Transformer Pipeline
Loading Gemma 2b.it model with this code:
model_version = 2
model_id = f"/kaggle/input/gemma/transformers/2b-it/{model_version}"
model_config = f"/kaggle/input/gemma/transformers/2b-it/{model_version}/config.json"
tokenizer_id = f"/kaggle/input/gemma/transformers/2b-it/{model_version}"
tokenizer_config = f"/kaggle/input/gemma/transformers/2b-it/{model_version}/tokenizer_config.json"
model_config = AutoConfig.from_pretrained(model_config)
model = AutoModelForCausalLM.from_pretrained(model_id, config=model_config, device_map='auto')
tokenizer_config = AutoConfig.from_pretrained(tokenizer_config)
tokenizer = AutoTokenizer.from_pretrained(tokenizer_id, config=tokenizer_config, device_map='auto', return_tensors="pt")
Executing the generation as follow:
input_text = "Write a python function to print all elements of a list."
input_ids = tokenizer(input_text, return_tensors="pt")
outputs = model.generate(**input_ids, max_new_tokens=16)

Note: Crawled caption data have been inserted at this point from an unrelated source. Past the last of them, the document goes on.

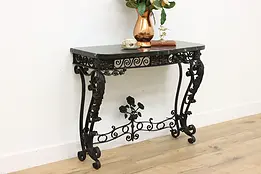Victorian Antique Iron & Marble Sofa or Hall Console Flowers #50293
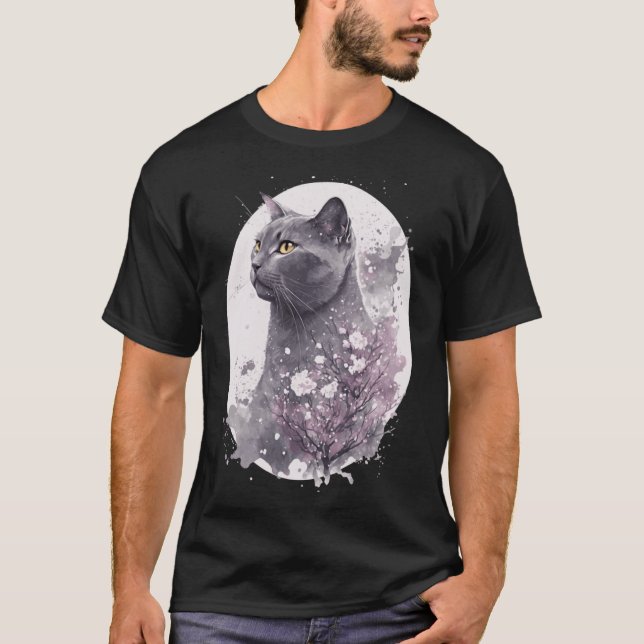 Camiseta Chartreux Cat Cherry Blossom Floral Sakur (Anverso)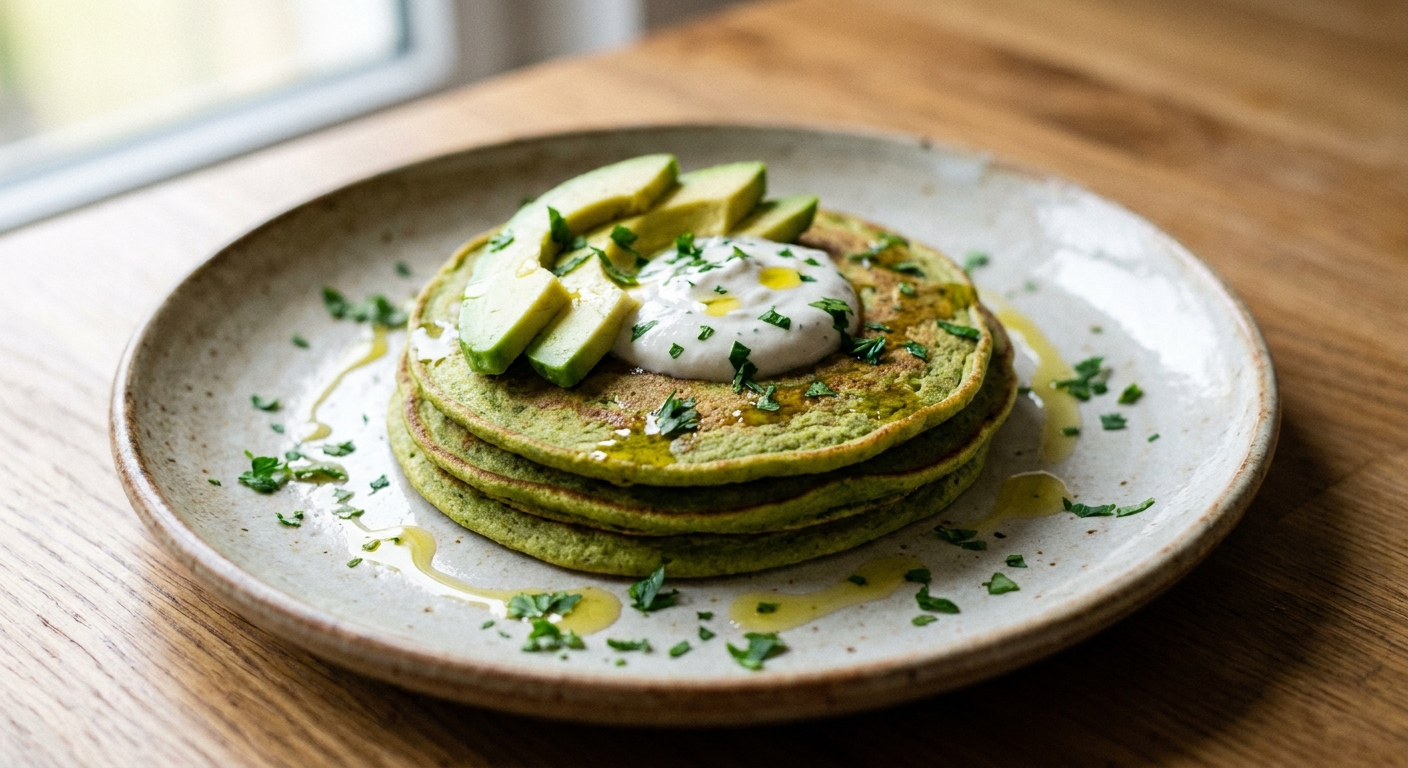 Зелёные панкейки из нута 🥞🌿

print(tokenizer.decode(outputs[0]))
Some text is generated. But creating a transformers.pipeline as follow, the only text in output is the input text.
query_pipeline = transformers.pipeline(
task="text-generation",
model=model,
tokenizer=tokenizer,
max_new_tokens=512,
device_map="auto",
framework="pt",
)
input_text = "Write a python function to print all elements of a list."
result = pipeline(
input_text ,
max_new_tokens=64,
do_sample=True,
num_return_sequences=1,
)
print(f"Result: {result}")
This is the output:
Result: [{'generated_text': 'Write a python function to print all elements of a list.'}]
This procedure is correct or there are some mistakes?
Instead, when the pipeline is applying the chat-template in this way before executing the pipeline generates some text:
chat = [
{ "role": "user", "content": input_text },
]
prompt = tokenizer.apply_chat_template(chat, tokenize=False, add_generation_prompt=True)
But the text is also generated creatina a pipeline of type "conversational" and passing a chat like this:
chat = [
{ "role": "user", "content": input_text },
]
There's a problem with the TextGenerationPipeline?
Even I am struggling with this
Is this using the right chat template and control tokens under the hood?
I had the same issue the generated_text is the same as input. I found a way to fix this.
Modify the code:
result = pipeline(
input_text ,
max_new_tokens=64,
do_sample=True,
num_return_sequences=1,
)
to:
result = pipeline(
input_text ,
max_new_tokens=64,
do_sample=True,
num_return_sequences=1,
add_special_tokens=True
)
ah good to know! cc @osanseviero in case we should specify this somewhere?
To utilize pipeline the chat template must be used. Using pipeline without chat template does not generate any new tokens.
Interesting, cc @ArthurZ @Rocketknight1 do you think there is something we need to upstream in transformers pipeline?
But shouldn't the text-generation pipeline produce new tokens as for all the other models?
Also for gemma-7b-it it sometimes generates tokens for me.